[[ Working data open ]]
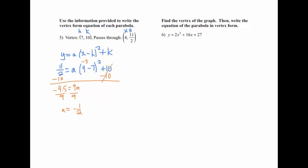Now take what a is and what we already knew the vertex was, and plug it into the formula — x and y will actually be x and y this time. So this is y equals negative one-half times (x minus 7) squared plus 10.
[[ Working data closed ]]
[[ Working data open ]]
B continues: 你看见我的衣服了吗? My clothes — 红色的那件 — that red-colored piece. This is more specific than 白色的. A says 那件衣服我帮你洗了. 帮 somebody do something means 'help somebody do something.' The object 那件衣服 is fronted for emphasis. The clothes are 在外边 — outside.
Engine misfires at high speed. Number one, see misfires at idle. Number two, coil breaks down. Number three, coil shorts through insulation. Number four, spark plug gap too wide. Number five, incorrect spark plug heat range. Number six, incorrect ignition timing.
[[ Working data closed ]]
[[ Working data open ]]
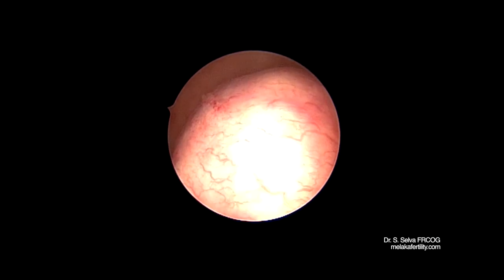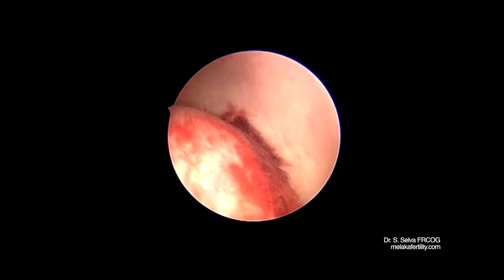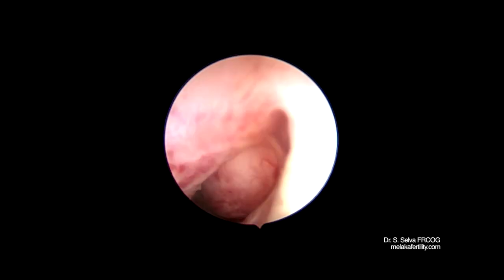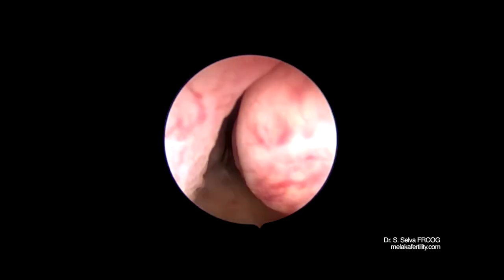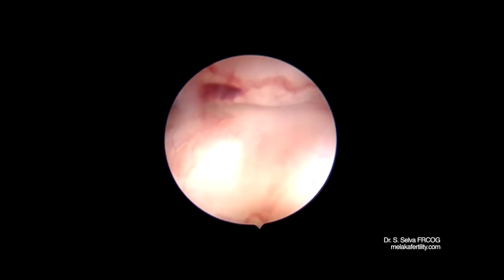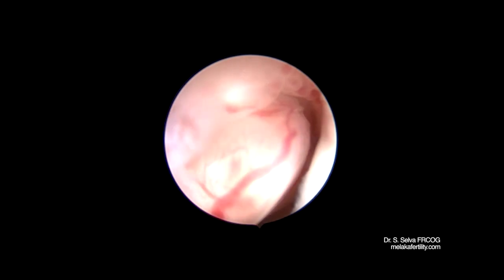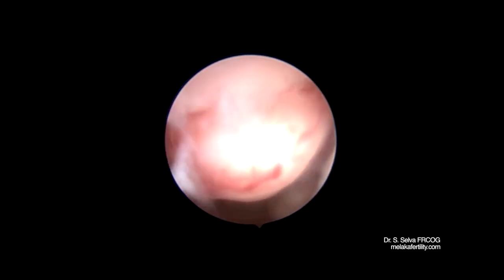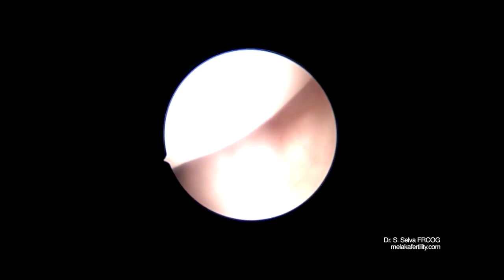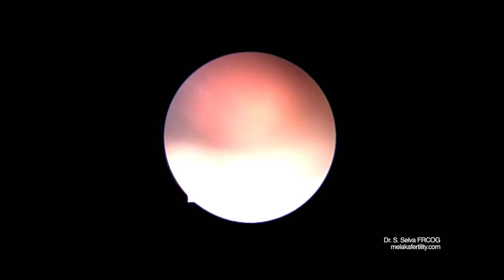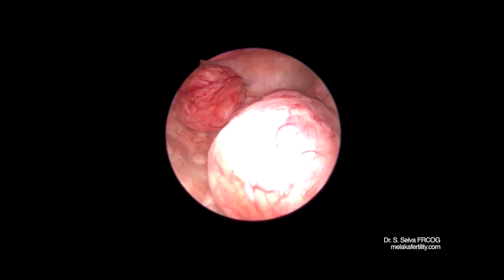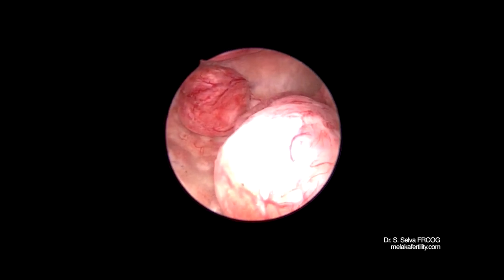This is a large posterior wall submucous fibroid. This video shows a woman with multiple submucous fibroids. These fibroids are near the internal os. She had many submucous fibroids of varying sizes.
[[ Working data closed ]]
Using the listing above, return word for word each line from the one that has "B continues: 你看见我的衣服了吗?" through the one that has "Engine misfires at", and no line outside that range.

B continues: 你看见我的衣服了吗? My clothes — 红色的那件 — that red-colored piece. This is more specific than 白色的. A says 那件衣服我帮你洗了. 帮 somebody do something means 'help somebody do something.' The object 那件衣服 is fronted for emphasis. The clothes are 在外边 — outside.
Engine misfires at high speed. Number one, see misfires at idle. Number two, coil breaks down. Number three, coil shorts through insulation. Number four, spark plug gap too wide. Number five, incorrect spark plug heat range. Number six, incorrect ignition timing.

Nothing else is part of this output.